Price Report
v1 from Modal Cost for Alex
Object Cost from Modal
The cost breakdown for the searching service is categorized into the following components:
- GPU Running Time: Costs vary depending on the GPU type used (e.g., Nvidia H100, L4, L40S).
- CPU Running Time: Costs are based on the number of CPU cores reserved and their usage duration.
- Memory Allocation: Costs are calculated per GiB per second.
- Cloud Storage & Data Transfer: Includes volume usage, CloudBucketMount, and data egress costs.
- Idle Container Time: Costs are incurred for the duration a container remains active, even if idle.
The Methodology Plan to Measure the Cost
- GPU Tasks: Measure the cost per second for each GPU type used in the Catalog and Lookup classes.
- CPU Tasks: Calculate the cost based on the number of CPU cores reserved and their usage time.
- Memory Usage: Track memory allocation and usage to determine the cost per GiB per second.
- Idle Container Time: Monitor the container idle timeout to calculate the cost of keeping containers active.
- Testing Data: Use real-world testing data (e.g., API calls, image processing) to validate cost calculations.
Key Points of Cost
-
GPU Costs:
- Nvidia H100: $0.001267/sec
- Nvidia L4: $0.000222/sec
- Nvidia L40S: $0.000542/sec
-
CPU Costs:
- $0.000038/core/sec
-
Memory Costs:
- $0.00000667/GiB/sec
-
Idle Container Costs:
- Containers remain active for 720 seconds by default, incurring costs even when idle.
-
Optimization Strategies:
- Increase memory and concurrency for Lookup to handle more requests per container.

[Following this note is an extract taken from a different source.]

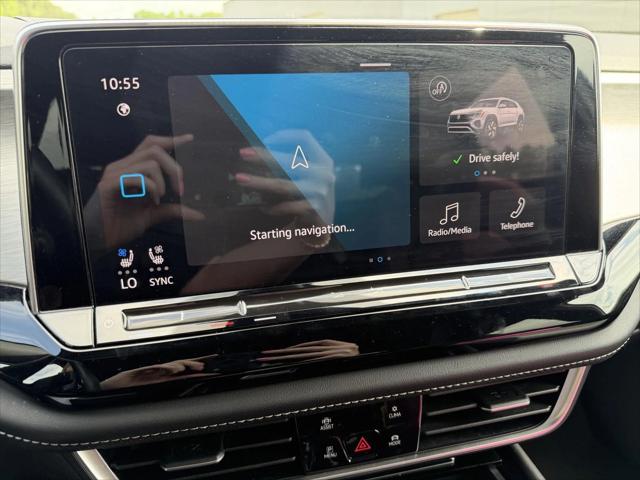 2024 Volkswagen Atlas Cross Sport 2.0T SE w/Technology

- Reduce container idle timeout for API services to minimize idle costs.
Cost Log Report
Testing Data
-
get_image:
- Cost: $0.40
- Time: 347.9s + 17.06s
-
get_image_urns:
- Memory: 1.06GB/16GB
- CPU: 0.11 core/4 core
- GPU Memory: 16.40GB
- Cost: $1.42 ($0.92 GPU + $0.27 CPU + $0.19 Memory)
- Time: 23mins 17s
-
First API Call:
- Time: 32s
- Cost: $0.24 ($0.18 GPU + $0.06 CPU + $0.01 Memory)
-
Frequent Request Test (40 requests/min):
- Total Requests: 160
- Cost: $0.88 ($0.64 GPU + $0.22 Memory + $0.02 CPU)
- Time: 12mins
- Cost per Call: $0.0055
-
Optimized Configuration Test (200 requests in 5 mins):
- Cost: $0.31 ($0.21 GPU + $0.07 Memory + $0.03 CPU)
- Cost per Call: $0.0015
Cost Analysis
-
GPU Costs:
- The Nvidia L40S GPU is the most cost-effective for frequent requests, with a cost of $0.000542/sec.

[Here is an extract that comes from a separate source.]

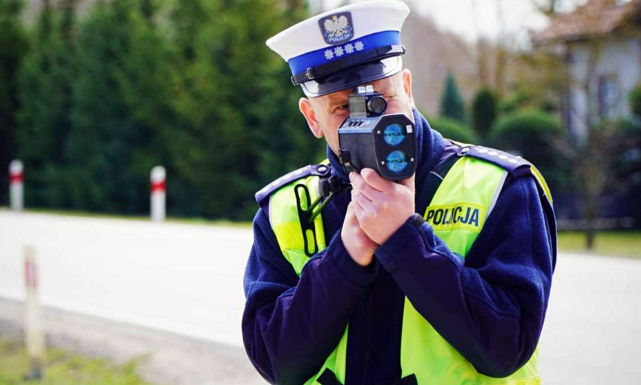 Kaskadowy pomiar prędkości w Polsce. Gdzie dziś policja prowadzi kontrole i za co można stracić prawo jazdy?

- The Nvidia H100 is more expensive but may be necessary for specific tasks.
-
CPU Costs:
- CPU costs are minimal compared to GPU costs but should still be optimized by reducing reserved cores.
-
Memory Costs:
- Memory costs are relatively low but can add up with high concurrency and large datasets.
-
Idle Container Costs:
- Reducing the container idle timeout significantly lowers costs, especially for API services.
-
Optimization Impact:
- Increasing memory and concurrency for Lookup reduced the cost per call from $0.0055 to $0.0015.

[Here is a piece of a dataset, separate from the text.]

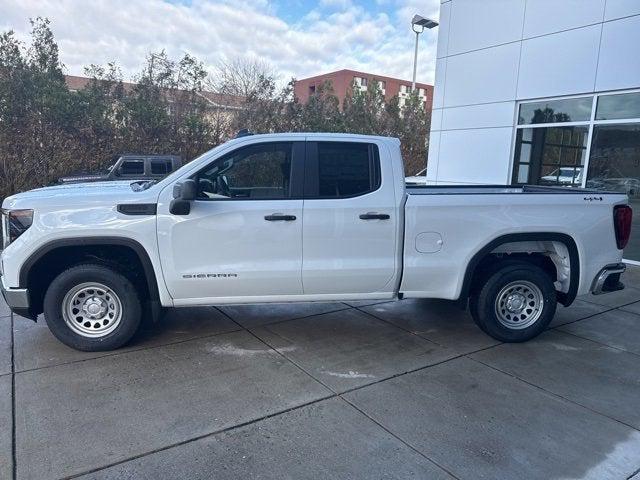 new 2025 GMC Sierra 1500 car, priced at $43,645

- Shortening the container idle timeout for API services further minimized idle costs.
Price Table
Resource Type | Cost per Unit | Example Usage | Cost Example |
---|---|---|---|
Nvidia L40S | $0.000542/sec | Frequent request handling | 720s = $0.39 |
Nvidia L4 | $0.000222/sec | Lookup class for queries | 720s = $0.16 |
CPU (per core) | $0.000038/core/sec | Catalog (4 cores), Lookup (2 cores) | 720s = $0.11 (Catalog), $0.05 (Lookup) |
Memory | $0.00000667/GiB/sec | 16GB reserved for Catalog | 720s = $0.08 |
Idle Container | Based on GPU/CPU/Memory | 720s timeout | $0.24 (L4 GPU + CPU + Memory) |
Optimization Plan
1. Lookup Class (GPU Model)
- Goal: Handle more requests per container to reduce the number of containers needed.
- Actions:
- Increase memory from 1024 MB → 4096 MB (4 GB).
- Set
container_idle_timeout=300s
(5 minutes) to avoid cold starts. - Set
concurrency_limit=4
to allow handling 4 requests simultaneously.
- Impact:
- Fewer containers are created, reducing GPU and memory costs.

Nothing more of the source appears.